Supplied material START

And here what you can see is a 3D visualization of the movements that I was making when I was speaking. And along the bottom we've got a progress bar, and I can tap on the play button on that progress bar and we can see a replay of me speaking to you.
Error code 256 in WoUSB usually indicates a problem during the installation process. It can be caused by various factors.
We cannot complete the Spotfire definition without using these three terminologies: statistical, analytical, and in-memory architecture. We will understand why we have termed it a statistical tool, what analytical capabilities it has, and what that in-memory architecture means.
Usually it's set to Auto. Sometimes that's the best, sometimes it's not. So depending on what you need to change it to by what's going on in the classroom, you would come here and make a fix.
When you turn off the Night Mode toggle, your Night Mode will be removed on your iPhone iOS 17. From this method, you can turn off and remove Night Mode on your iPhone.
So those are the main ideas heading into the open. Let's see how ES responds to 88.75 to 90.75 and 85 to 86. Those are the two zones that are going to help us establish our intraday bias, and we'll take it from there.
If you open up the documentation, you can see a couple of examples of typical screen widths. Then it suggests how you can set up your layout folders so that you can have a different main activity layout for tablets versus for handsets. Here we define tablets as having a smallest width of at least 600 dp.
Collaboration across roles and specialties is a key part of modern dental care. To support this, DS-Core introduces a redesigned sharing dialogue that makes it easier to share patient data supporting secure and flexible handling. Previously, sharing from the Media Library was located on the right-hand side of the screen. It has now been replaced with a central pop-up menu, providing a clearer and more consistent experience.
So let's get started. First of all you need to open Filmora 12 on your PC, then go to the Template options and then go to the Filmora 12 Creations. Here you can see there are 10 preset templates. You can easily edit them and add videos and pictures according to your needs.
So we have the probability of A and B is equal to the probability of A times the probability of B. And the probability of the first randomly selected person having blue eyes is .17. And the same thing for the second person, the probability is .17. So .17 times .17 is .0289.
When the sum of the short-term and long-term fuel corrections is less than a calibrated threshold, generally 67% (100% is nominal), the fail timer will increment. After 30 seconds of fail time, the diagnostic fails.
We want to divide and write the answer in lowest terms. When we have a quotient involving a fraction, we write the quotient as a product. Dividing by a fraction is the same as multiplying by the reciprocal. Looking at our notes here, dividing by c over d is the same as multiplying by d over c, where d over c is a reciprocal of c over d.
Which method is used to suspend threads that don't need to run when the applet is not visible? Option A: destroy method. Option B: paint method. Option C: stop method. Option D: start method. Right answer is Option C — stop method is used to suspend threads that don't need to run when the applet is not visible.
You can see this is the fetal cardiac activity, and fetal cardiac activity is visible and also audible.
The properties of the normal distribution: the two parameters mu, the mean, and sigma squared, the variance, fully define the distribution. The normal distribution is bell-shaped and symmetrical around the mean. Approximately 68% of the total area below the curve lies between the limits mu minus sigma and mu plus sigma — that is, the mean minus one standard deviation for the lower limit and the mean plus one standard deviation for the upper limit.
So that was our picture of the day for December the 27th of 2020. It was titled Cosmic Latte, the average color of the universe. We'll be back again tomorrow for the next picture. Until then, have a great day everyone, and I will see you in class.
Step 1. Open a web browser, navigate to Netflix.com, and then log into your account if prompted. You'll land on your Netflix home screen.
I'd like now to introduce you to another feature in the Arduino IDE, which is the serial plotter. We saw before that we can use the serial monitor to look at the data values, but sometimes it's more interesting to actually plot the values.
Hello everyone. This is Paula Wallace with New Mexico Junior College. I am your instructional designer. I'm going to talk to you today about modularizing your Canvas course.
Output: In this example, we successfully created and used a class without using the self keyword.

Supplied material END

Problem to work on: The data above should be output exactly, with each line intact.

Answer space:
And here what you can see is a 3D visualization of the movements that I was making when I was speaking. And along the bottom we've got a progress bar, and I can tap on the play button on that progress bar and we can see a replay of me speaking to you.
Error code 256 in WoUSB usually indicates a problem during the installation process. It can be caused by various factors.
We cannot complete the Spotfire definition without using these three terminologies: statistical, analytical, and in-memory architecture. We will understand why we have termed it a statistical tool, what analytical capabilities it has, and what that in-memory architecture means.
Usually it's set to Auto. Sometimes that's the best, sometimes it's not. So depending on what you need to change it to by what's going on in the classroom, you would come here and make a fix.
When you turn off the Night Mode toggle, your Night Mode will be removed on your iPhone iOS 17. From this method, you can turn off and remove Night Mode on your iPhone.
So those are the main ideas heading into the open. Let's see how ES responds to 88.75 to 90.75 and 85 to 86. Those are the two zones that are going to help us establish our intraday bias, and we'll take it from there.
If you open up the documentation, you can see a couple of examples of typical screen widths. Then it suggests how you can set up your layout folders so that you can have a different main activity layout for tablets versus for handsets. Here we define tablets as having a smallest width of at least 600 dp.
Collaboration across roles and specialties is a key part of modern dental care. To support this, DS-Core introduces a redesigned sharing dialogue that makes it easier to share patient data supporting secure and flexible handling. Previously, sharing from the Media Library was located on the right-hand side of the screen. It has now been replaced with a central pop-up menu, providing a clearer and more consistent experience.
So let's get started. First of all you need to open Filmora 12 on your PC, then go to the Template options and then go to the Filmora 12 Creations. Here you can see there are 10 preset templates. You can easily edit them and add videos and pictures according to your needs.
So we have the probability of A and B is equal to the probability of A times the probability of B. And the probability of the first randomly selected person having blue eyes is .17. And the same thing for the second person, the probability is .17. So .17 times .17 is .0289.
When the sum of the short-term and long-term fuel corrections is less than a calibrated threshold, generally 67% (100% is nominal), the fail timer will increment. After 30 seconds of fail time, the diagnostic fails.
We want to divide and write the answer in lowest terms. When we have a quotient involving a fraction, we write the quotient as a product. Dividing by a fraction is the same as multiplying by the reciprocal. Looking at our notes here, dividing by c over d is the same as multiplying by d over c, where d over c is a reciprocal of c over d.
Which method is used to suspend threads that don't need to run when the applet is not visible? Option A: destroy method. Option B: paint method. Option C: stop method. Option D: start method. Right answer is Option C — stop method is used to suspend threads that don't need to run when the applet is not visible.
You can see this is the fetal cardiac activity, and fetal cardiac activity is visible and also audible.
The properties of the normal distribution: the two parameters mu, the mean, and sigma squared, the variance, fully define the distribution. The normal distribution is bell-shaped and symmetrical around the mean. Approximately 68% of the total area below the curve lies between the limits mu minus sigma and mu plus sigma — that is, the mean minus one standard deviation for the lower limit and the mean plus one standard deviation for the upper limit.
So that was our picture of the day for December the 27th of 2020. It was titled Cosmic Latte, the average color of the universe. We'll be back again tomorrow for the next picture. Until then, have a great day everyone, and I will see you in class.
Step 1. Open a web browser, navigate to Netflix.com, and then log into your account if prompted. You'll land on your Netflix home screen.
I'd like now to introduce you to another feature in the Arduino IDE, which is the serial plotter. We saw before that we can use the serial monitor to look at the data values, but sometimes it's more interesting to actually plot the values.
Hello everyone. This is Paula Wallace with New Mexico Junior College. I am your instructional designer. I'm going to talk to you today about modularizing your Canvas course.
Output: In this example, we successfully created and used a class without using the self keyword.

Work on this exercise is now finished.